Highlights
• Two brokers have issued Buy ratings for CVS Group, setting target prices of AUD 41.21 and AUD 35.03, indicating potential upsides of 40.85% and 19.72%, respectively.
• CVS reported revenue growth of 5.4% year-on-year to £673.2 million for FY25.
• Adjusted EBITDA rose 9.4% to £134.6 million, with margins improving to 20.0%.
• Statutory profit increased significantly to £53.0 million
CVS Group (LSE:CVSG), a UK-listed veterinary services provider, has received Buy ratings from two brokers. One broker set a target price of AUD 41.21, representing a 40.85% upside from current levels, while another issued a target of AUD 35.03, implying a 19.72% potential increase.
The ratings might come following the company’s financial results for the year ended 30 June 2025 (FY25), with CVS reporting revenue and earnings growth.
FY25 Financial Performance
For FY25, CVS reported revenue from continuing operations of £673.2 million, up 5.4% from £638.7 million in FY24. The company’s like-for-like sales rose 0.2% overall, with its core Veterinary Practice division delivering a 1.0% increase. Although market conditions in the UK remained subdued, CVS experienced a notable improvement in sales momentum during the final quarter of the year.

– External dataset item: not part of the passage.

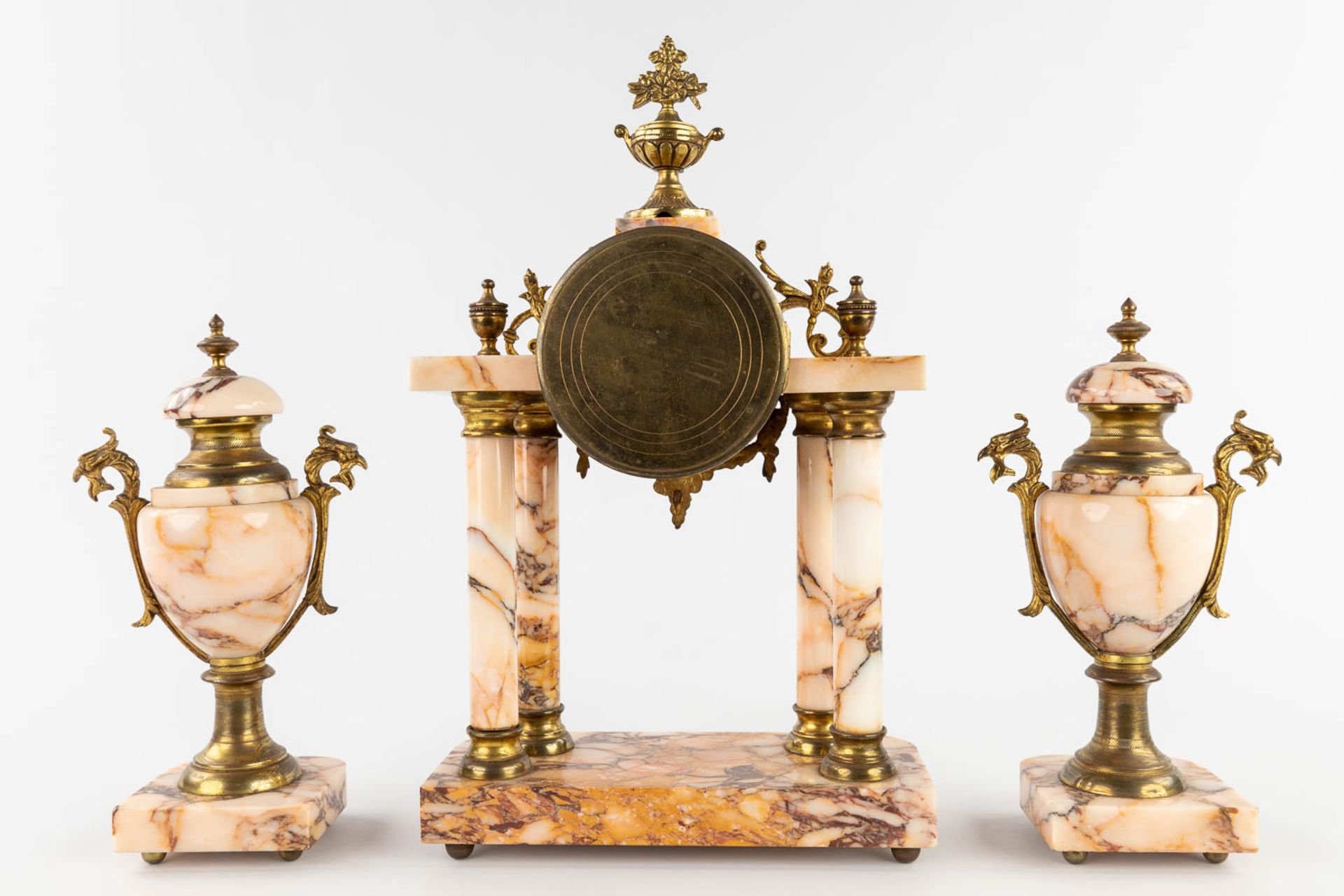 A three-piece mantle garniture, Clock with side pieces, marble mounted with bronze. Circa 1900. (L:1 - Image 6 of 13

Adjusted EBITDA grew 9.4% year-on-year to £134.6 million. The company’s EBITDA margin improved to 20.0%, within the medium-term guidance range of 19% to 23%.
Profit before tax from continuing operations declined 7.4% to £32.6 million, primarily due to higher finance and depreciation expenses linked to recent acquisitions and continued capital investment. However, statutory profit for the year rose to £53.0 million, compared to £6.4 million in FY24, largely driven by a £33.5 million gain from the disposal of the Crematoria business.
Balance Sheet and Cash Flow Improvement
CVS reported continued improvement in its financial position, with leverage falling to 1.18x from 1.54x in the prior year. The reduction was supported by operational cash generation and proceeds from the Crematoria divestment, partially offset by investments in acquisitions and existing practices.
The company also delivered a 6.8 percentage point improvement in adjusted operating cash conversion, reaching 76.9%, in line with its medium-term target of above 70%. This performance highlights CVS’s consistent cash discipline and its ability to convert earnings into cash flow.
The Board has proposed a final dividend of 8.5 pence per share, up from 8.0 pence last year, in line with its progressive dividend policy.